Her Blue Force Tracker chimed. She unzipped its pouch and saw she had a message. She pressed on READ and saw: HOW GOES IT? MP.
She pulled off her gloves to compose her answer: OK. ABOUT HALFWAY THERE. U?
A moment later the BFT chimed once more: GETTING READY TO FLY.
Gold considered ending the exchange, but somehow texting with Parson pulled her out of the sour mood brought on by the thrown rock. She wrote one more message: SOME KID JUST BOUNCED ROCK OFF MRAP. When the BFT chimed again, it said: DID U THROW ROCKS BACK?
She smiled, cleared the screen, looked outside. The vehicles splashed through a muddy spot. The water came from a narrow stream that cut through a wheat field and ran across the road without benefit of a culvert. It had not rained since Gold’s arrival in Afghanistan, so she guessed the stream was fed year-round by snowmelt from higher elevations.
At the edge of the field lay a rusting hulk, the wreckage of a Soviet aircraft. A wing had broken off, but the fuselage remained pretty much intact. Part of a red star was still visible on the tail. From the condition of the wreckage, Gold surmised the plane had not burned, but that its crew had crash-landed. Reminded her a little too much of her first day with Parson.
The aircraft looked like some kind of transport, though she had no idea of the model. Parson would know. Vines grew around the two bent propellers.
Beyond the field came a barren stretch of ground. The ride grew rougher, and Gold could see why. The soil was so choked with rocks that the ground seemed almost paved in cobblestone.
The Cougars drove past a bombed-out compound. Roofless mud-brick walls crumbled against wooden beams. The gunner’s feet shuffled. More hiding places here, too.

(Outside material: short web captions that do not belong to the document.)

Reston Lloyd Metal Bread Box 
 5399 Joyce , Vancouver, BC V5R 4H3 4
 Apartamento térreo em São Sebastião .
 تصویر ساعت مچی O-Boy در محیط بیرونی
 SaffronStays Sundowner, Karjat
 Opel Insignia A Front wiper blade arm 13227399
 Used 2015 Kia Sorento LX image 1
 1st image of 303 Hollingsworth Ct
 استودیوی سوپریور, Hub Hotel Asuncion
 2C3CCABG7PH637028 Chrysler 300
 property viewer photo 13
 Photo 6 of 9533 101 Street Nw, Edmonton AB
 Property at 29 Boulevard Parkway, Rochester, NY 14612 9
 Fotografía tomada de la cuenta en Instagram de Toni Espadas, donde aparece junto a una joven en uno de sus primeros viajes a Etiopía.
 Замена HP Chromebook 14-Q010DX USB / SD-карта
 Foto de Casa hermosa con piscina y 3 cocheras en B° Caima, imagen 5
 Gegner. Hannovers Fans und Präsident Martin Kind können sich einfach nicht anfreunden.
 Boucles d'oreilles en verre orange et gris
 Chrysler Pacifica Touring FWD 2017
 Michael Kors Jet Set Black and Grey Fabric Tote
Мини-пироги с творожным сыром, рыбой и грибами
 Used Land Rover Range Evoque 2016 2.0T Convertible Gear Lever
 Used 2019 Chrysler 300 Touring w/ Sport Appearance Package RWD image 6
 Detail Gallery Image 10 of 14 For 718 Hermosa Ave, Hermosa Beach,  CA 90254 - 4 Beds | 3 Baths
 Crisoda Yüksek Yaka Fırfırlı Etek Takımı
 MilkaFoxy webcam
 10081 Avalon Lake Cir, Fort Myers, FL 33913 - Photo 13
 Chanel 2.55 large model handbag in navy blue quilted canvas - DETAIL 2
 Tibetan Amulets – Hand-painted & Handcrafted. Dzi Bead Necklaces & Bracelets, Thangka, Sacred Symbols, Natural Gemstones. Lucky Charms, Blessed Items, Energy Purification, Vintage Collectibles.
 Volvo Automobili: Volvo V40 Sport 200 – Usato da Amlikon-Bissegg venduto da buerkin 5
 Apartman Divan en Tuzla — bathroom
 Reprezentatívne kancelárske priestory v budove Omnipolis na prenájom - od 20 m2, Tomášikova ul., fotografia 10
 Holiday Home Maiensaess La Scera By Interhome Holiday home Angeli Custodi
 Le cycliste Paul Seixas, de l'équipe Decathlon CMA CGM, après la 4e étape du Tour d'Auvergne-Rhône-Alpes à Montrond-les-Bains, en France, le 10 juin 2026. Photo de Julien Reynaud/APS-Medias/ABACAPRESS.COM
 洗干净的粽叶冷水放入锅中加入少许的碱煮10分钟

The compound disappeared behind them without incident. Next, Gold noticed a pile of stones beside the road, maybe six inches high, as if to mark something. She puzzled over that for just an instant.
An explosion slammed the vehicle from underneath. The Cougar lifted into the air a few inches, thudded back to earth. All of Gold’s bones seemed to rattle against one another. Her ears popped. She could hear the shouts of the Marines, but from far away.
* * *
Parson didn’t like the look of the sky. Lens-shaped clouds hovered over the mountains, paralleling the ridgelines. An untrained observer might have called them pretty, but Parson knew standing lenticular clouds resulted from strong wind flowing across high terrain. The wind carried moisture that condensed as it got lifted higher, forming a telltale convex shape. That meant turbulence. Maybe it was better that Gold had gone by road after all. But he and Rashid’s crew had no choice but to fly.
He took one final look up at the cloud formations, tromped up the boarding steps. The air was cool again today, but he wore no jacket. His body armor and survival vest kept him warm enough.
Inside the Mi-17, Rashid punched a start button for the left engine. When the engine reached the proper RPM, he moved an overhead stopcock lever to feed fuel, and the Klimov lit off. Rashid repeated the process for the right engine, then let both of them stabilize at idle.
Parson listened to Rashid, Aamir, and Sharif clean up the engine start checklist, their Pashto incomprehensible to him. He hadn’t bothered to replace Gold with another interpreter for this flight. It was a simple mission—just take a load of food and two passengers up to another devastated village. Reyes rode along in case the crew ran into more injured refugees, and the crew chief manned his door gun. The passengers were civilians from that urban rescue team in Virginia, and one of them brought a cadaver dog with him. The Belgian Malinois whined and pawed in its kennel.